Data extract: Begin
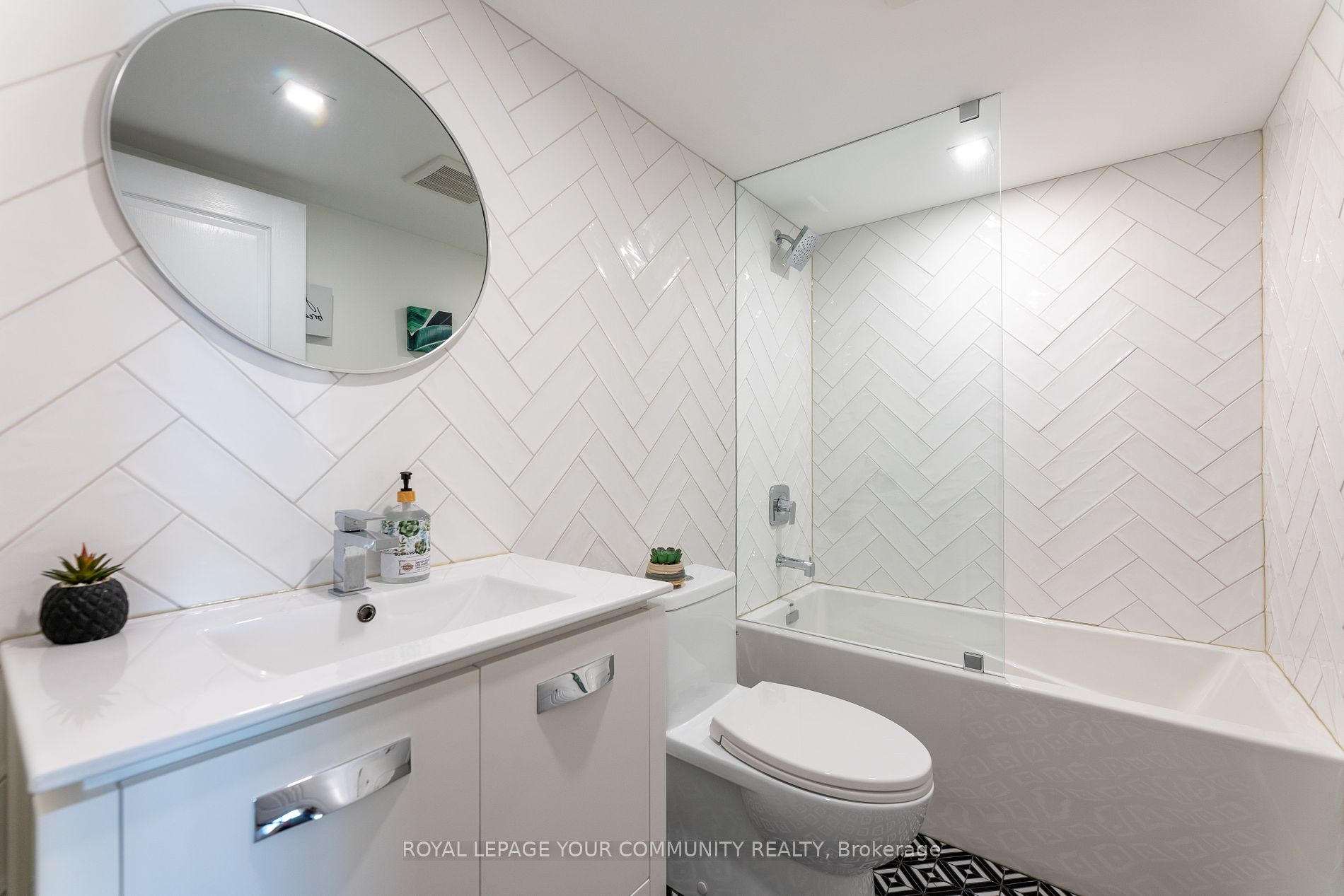 323 Richmond Street E, #707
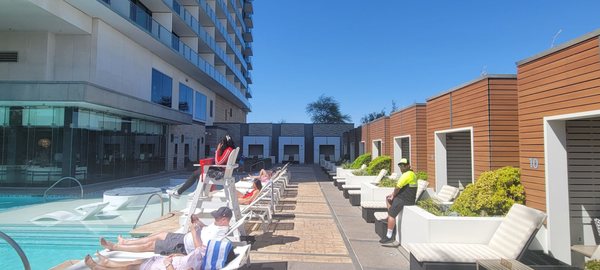 Laguna Pool House & Kitchen by null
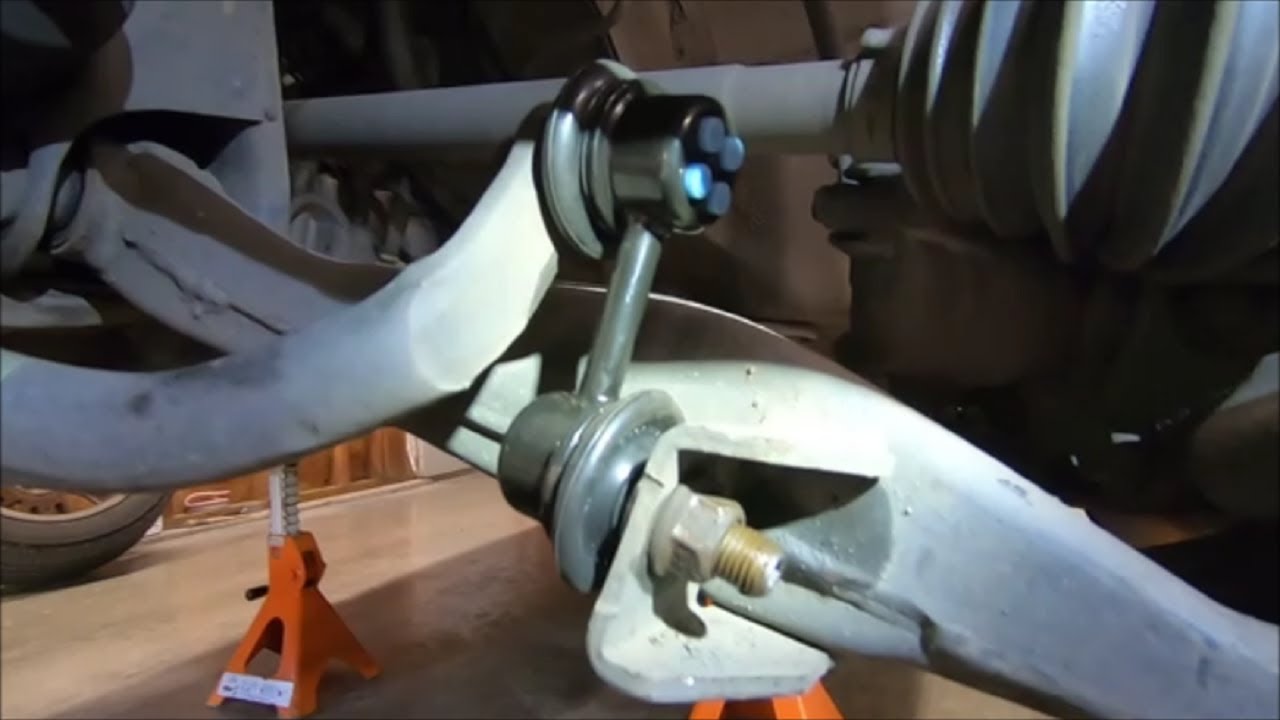 Fixing A Clunking Noise In Subaru Outback Front End. Replacing The Front Sway Bar Links.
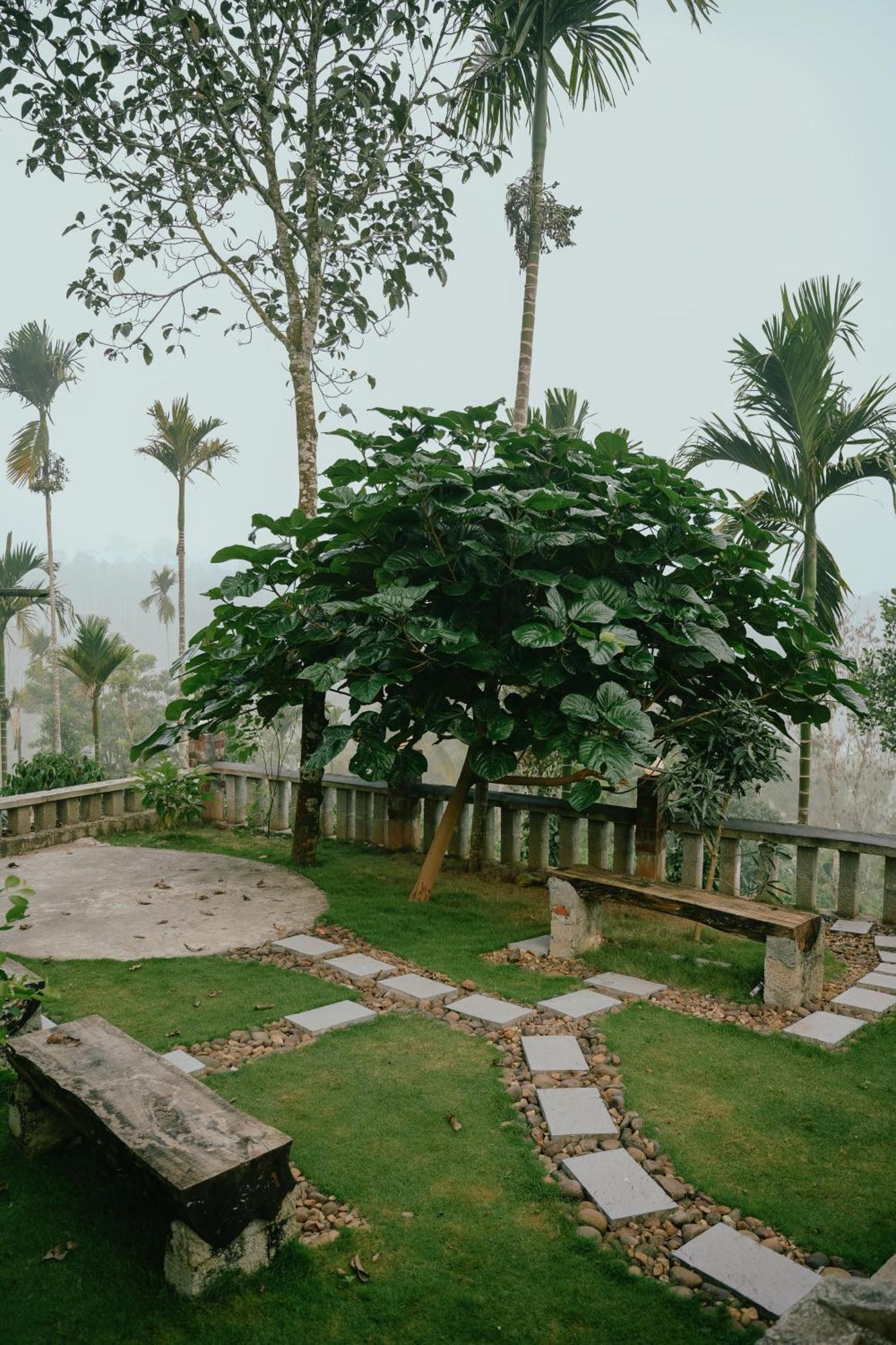 Haze Woods Resort Vaduvanchal Bagian luar foto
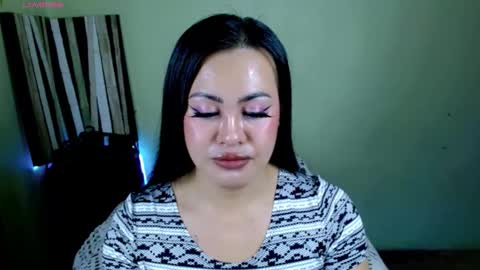 Godess  Lucy online show from November 2025 08:08:02 PM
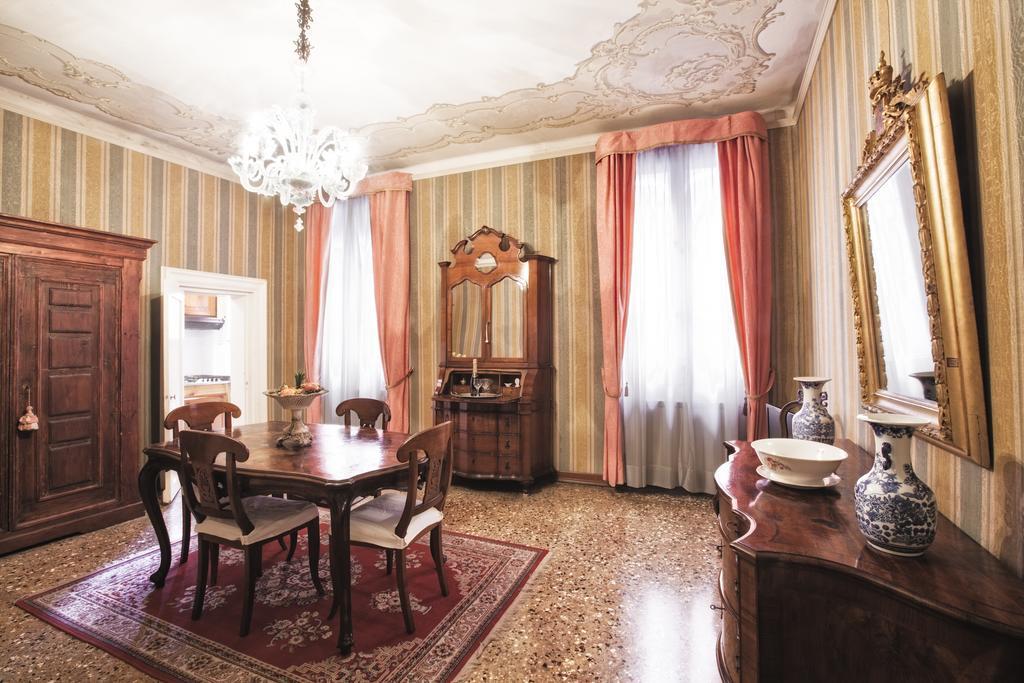 Apartamento Palazzetto San Lio, Rialto Venecia Habitación foto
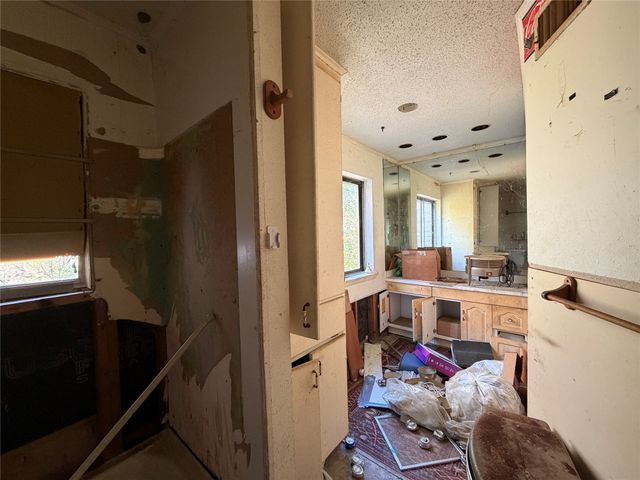 1301 Churchill Way, Sherman, TX 75092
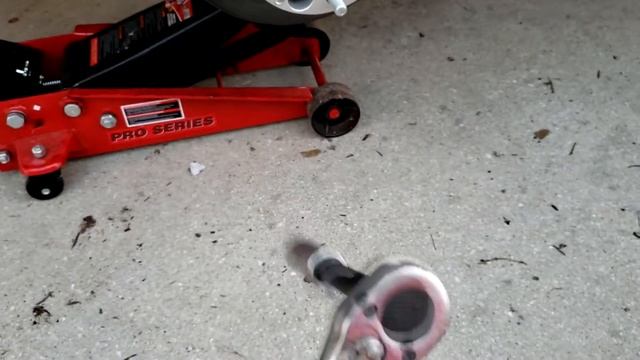 How to Install 2 inch Spacers and Why on a 2002 Chevy Avalanche смотреть онлайн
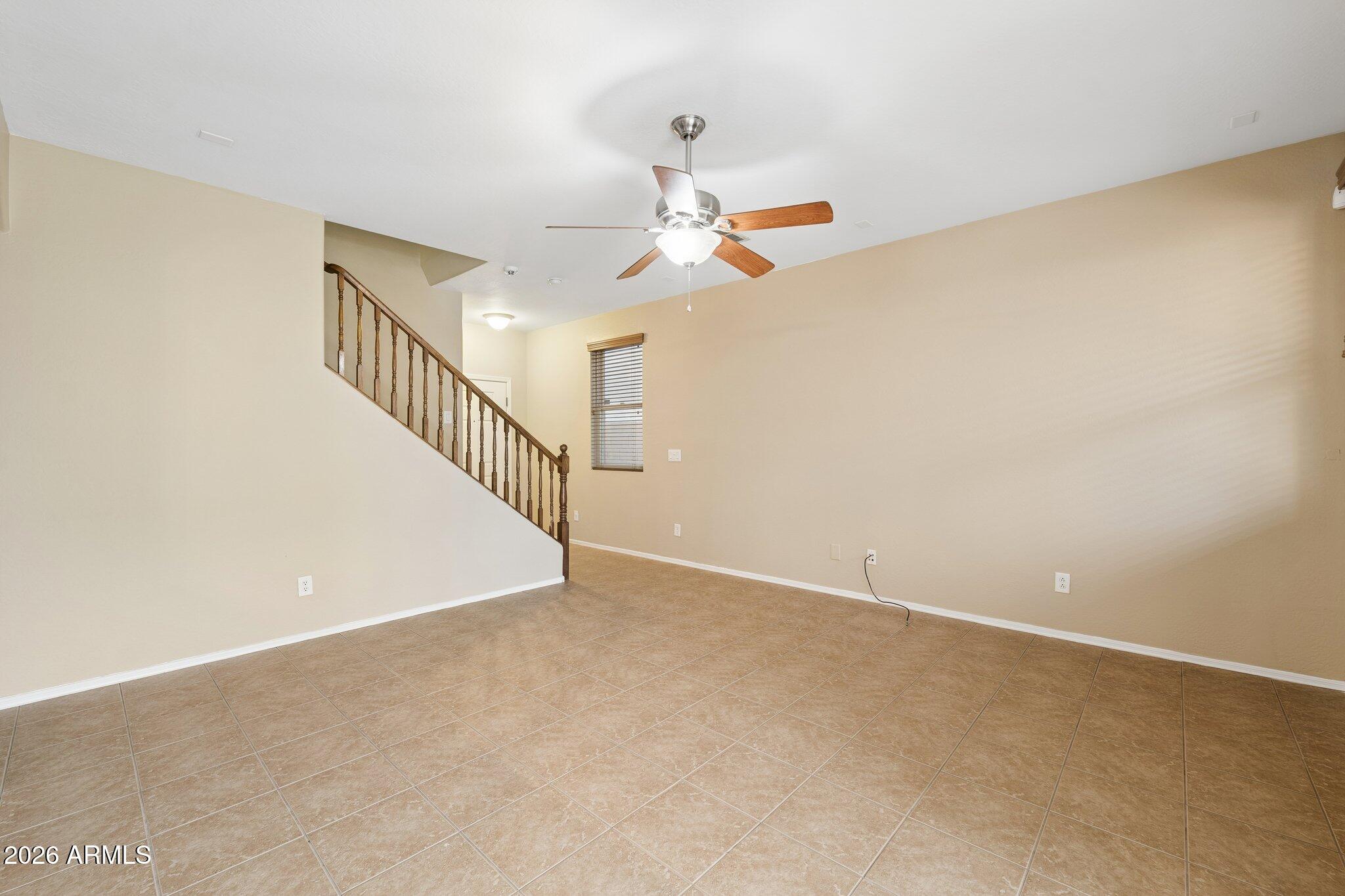 2226 East Fraktur Road Phoenix, AZ 85040 - Photo 27 of 68 Living room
Data extract: End
-- Task item --
Restate the entries verbatim and exclude any pictures.

-- Completed exercise --
 323 Richmond Street E, #707
 Laguna Pool House & Kitchen by null
 Fixing A Clunking Noise In Subaru Outback Front End. Replacing The Front Sway Bar Links.
 Haze Woods Resort Vaduvanchal Bagian luar foto
 Godess  Lucy online show from November 2025 08:08:02 PM
 Apartamento Palazzetto San Lio, Rialto Venecia Habitación foto
 1301 Churchill Way, Sherman, TX 75092
 How to Install 2 inch Spacers and Why on a 2002 Chevy Avalanche смотреть онлайн
 2226 East Fraktur Road Phoenix, AZ 85040 - Photo 27 of 68 Living room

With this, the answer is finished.